Work instructions
Starting at the line below with "краевого парламента На" and stopping at the line with "2019 - 2026", please print each line exactly, those two included, and skip every picture.

Working data
┌──
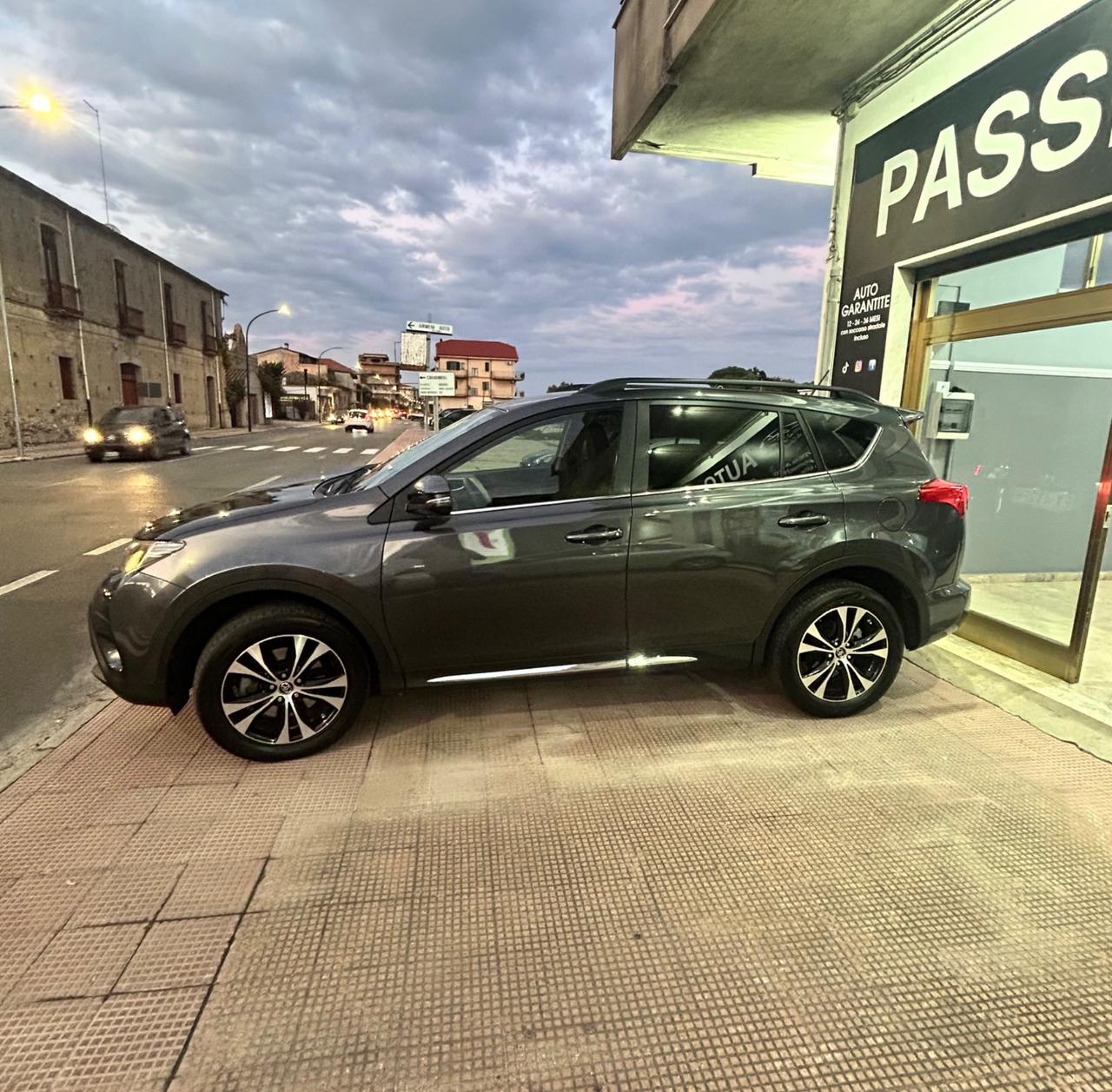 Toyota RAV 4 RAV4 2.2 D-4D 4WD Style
└──
┌──
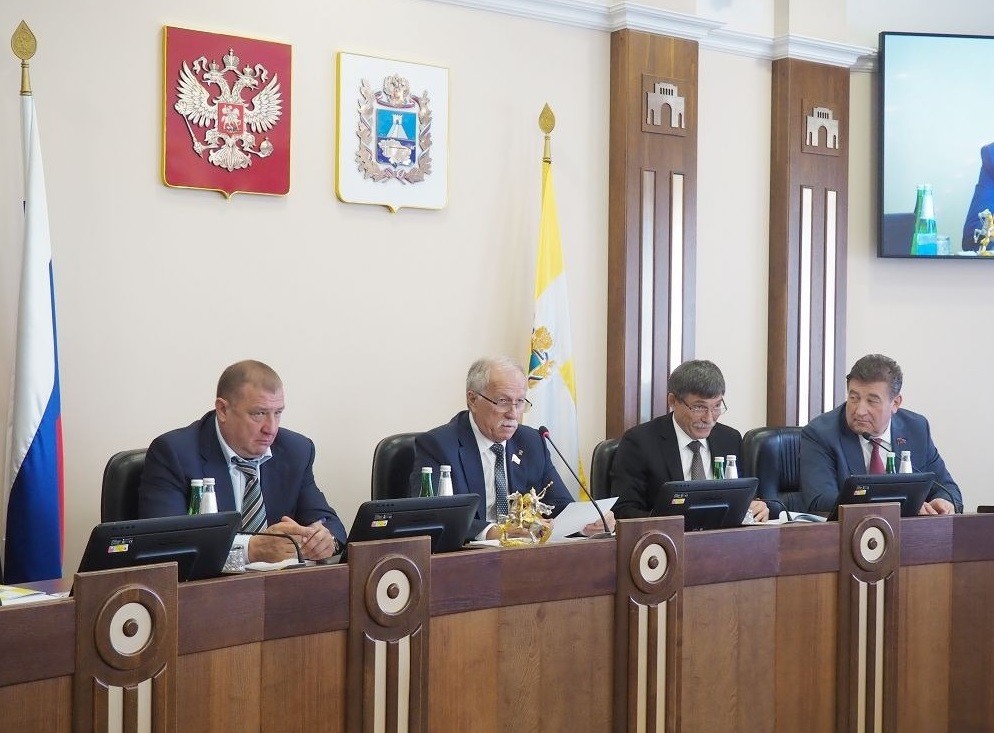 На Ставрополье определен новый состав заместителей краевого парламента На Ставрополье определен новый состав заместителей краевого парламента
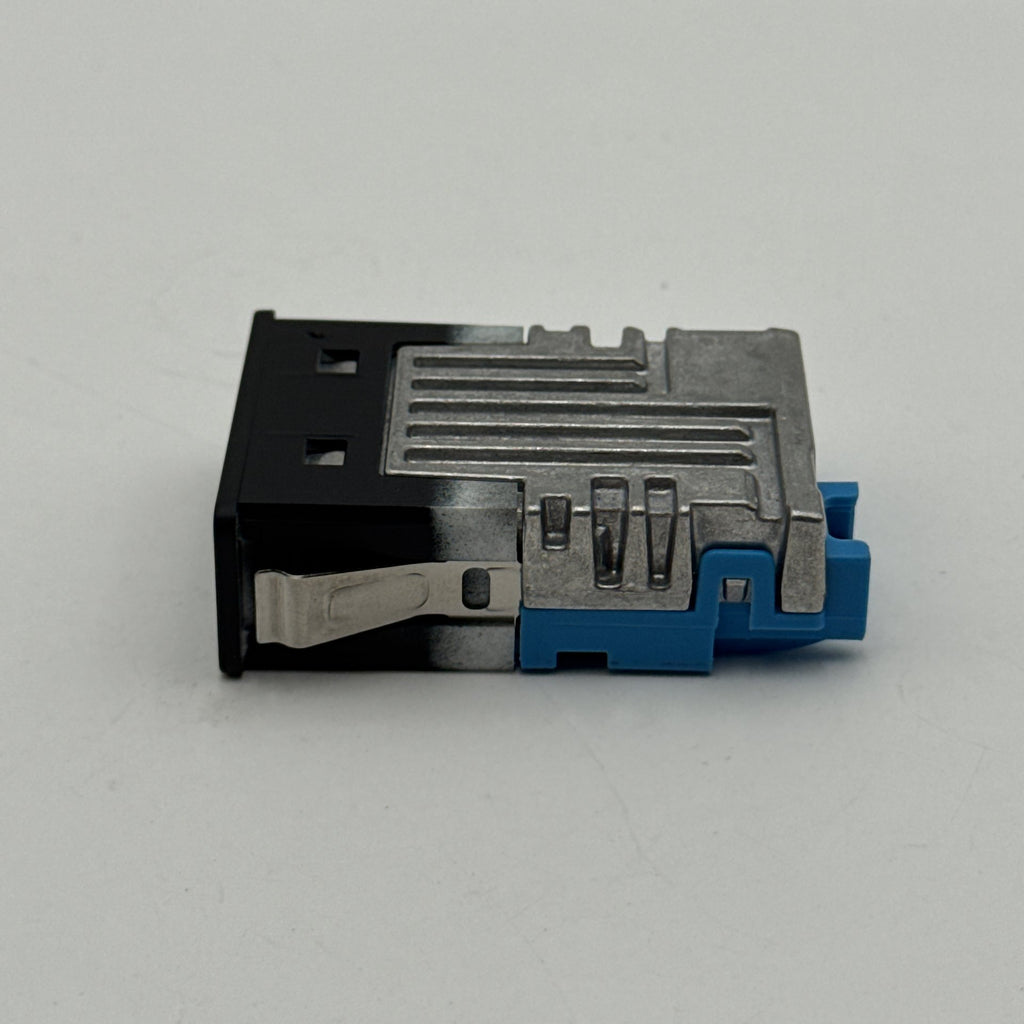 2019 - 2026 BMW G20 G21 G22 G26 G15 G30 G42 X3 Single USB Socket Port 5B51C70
└──
Response
 На Ставрополье определен новый состав заместителей краевого парламента На Ставрополье определен новый состав заместителей краевого парламента
 2019 - 2026 BMW G20 G21 G22 G26 G15 G30 G42 X3 Single USB Socket Port 5B51C70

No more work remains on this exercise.